- Work required:
Give back exactly the lines that start at the one containing "NWT TU ES MON" and run to the end of the material, leaving out the pictures.

- Recorded data:
■ ■ ■

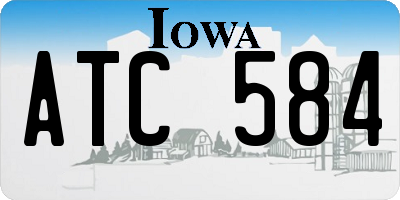 IA license plate ATC584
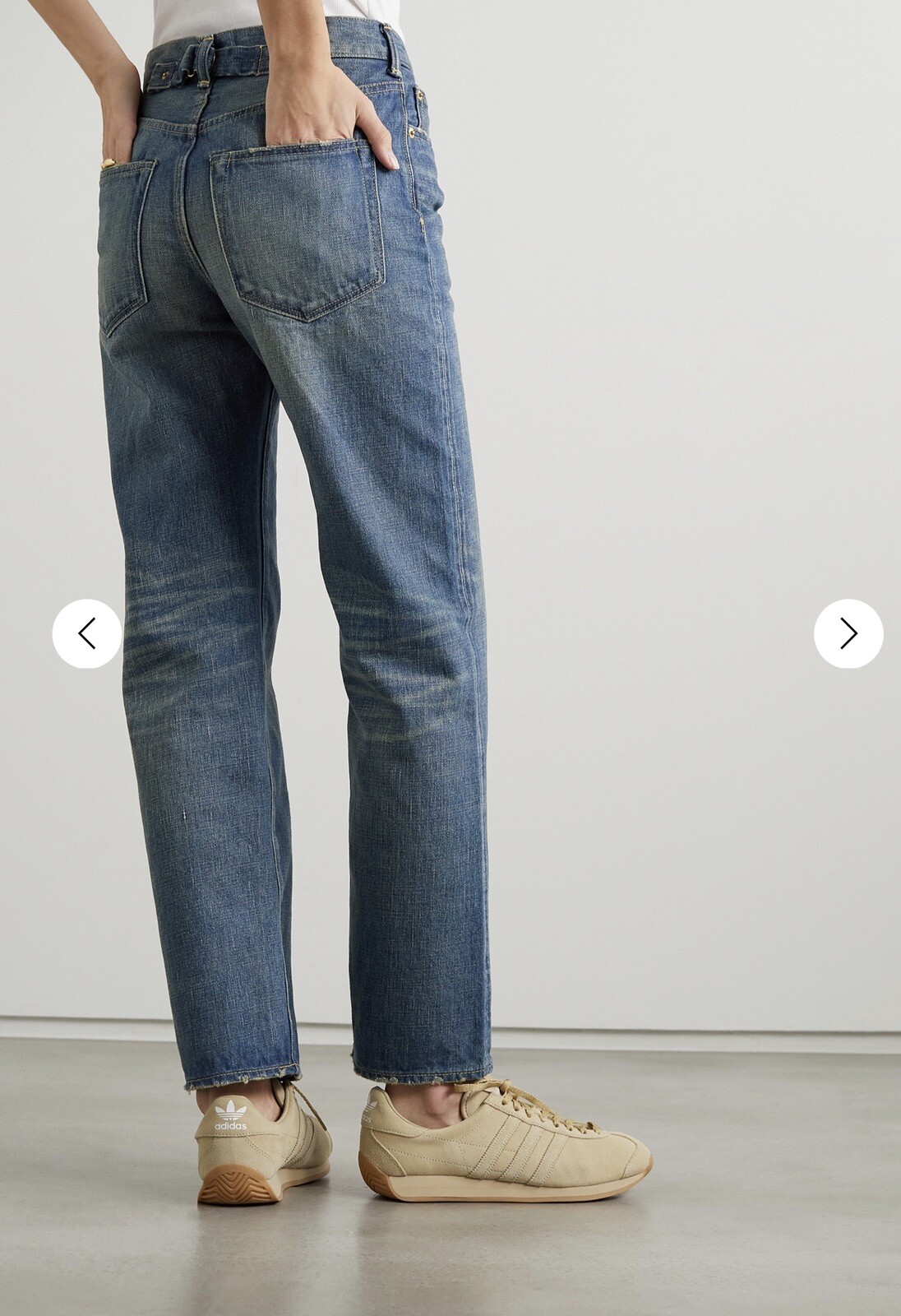 NWT TU ES MON TRESOR high rise straight leg Jeans sz. 26 (Japanese Premium Denim image 3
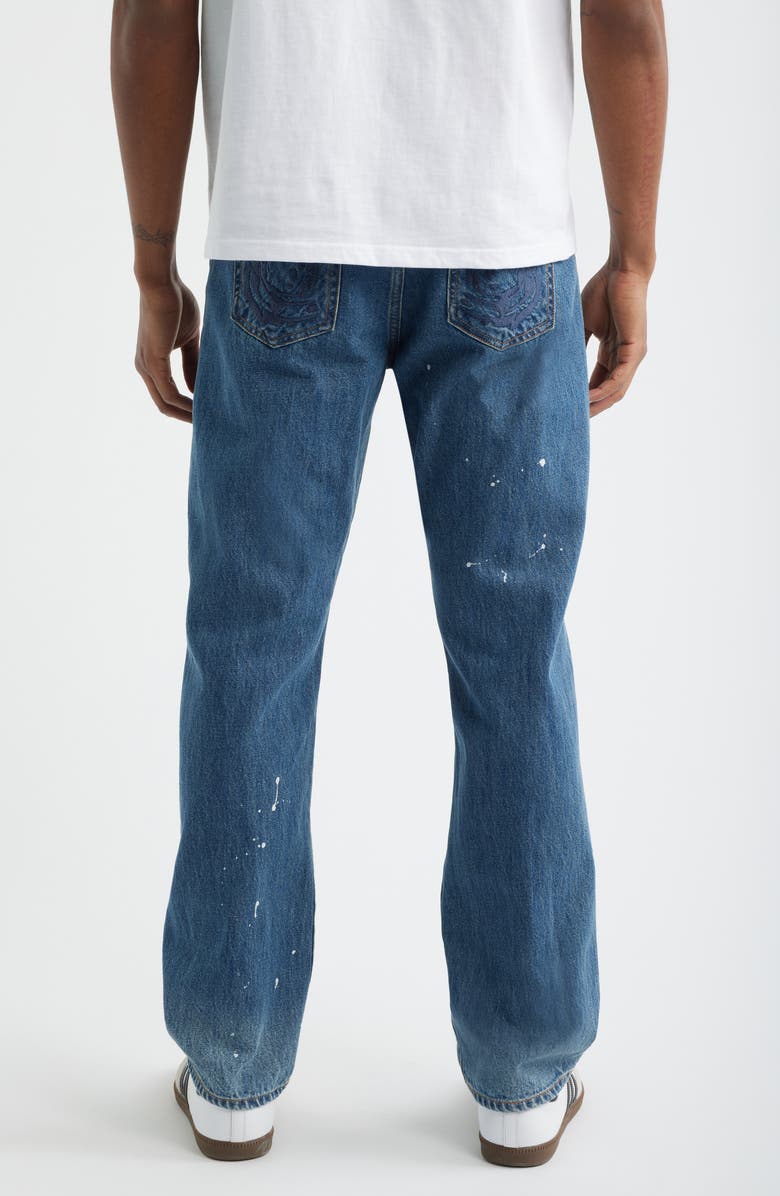 Billionaire Boys Club BB Geo Ripped Embroidered Jeans, Alternate, color, Astra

■ ■ ■

- Written reply:
 NWT TU ES MON TRESOR high rise straight leg Jeans sz. 26 (Japanese Premium Denim image 3
 Billionaire Boys Club BB Geo Ripped Embroidered Jeans, Alternate, color, Astra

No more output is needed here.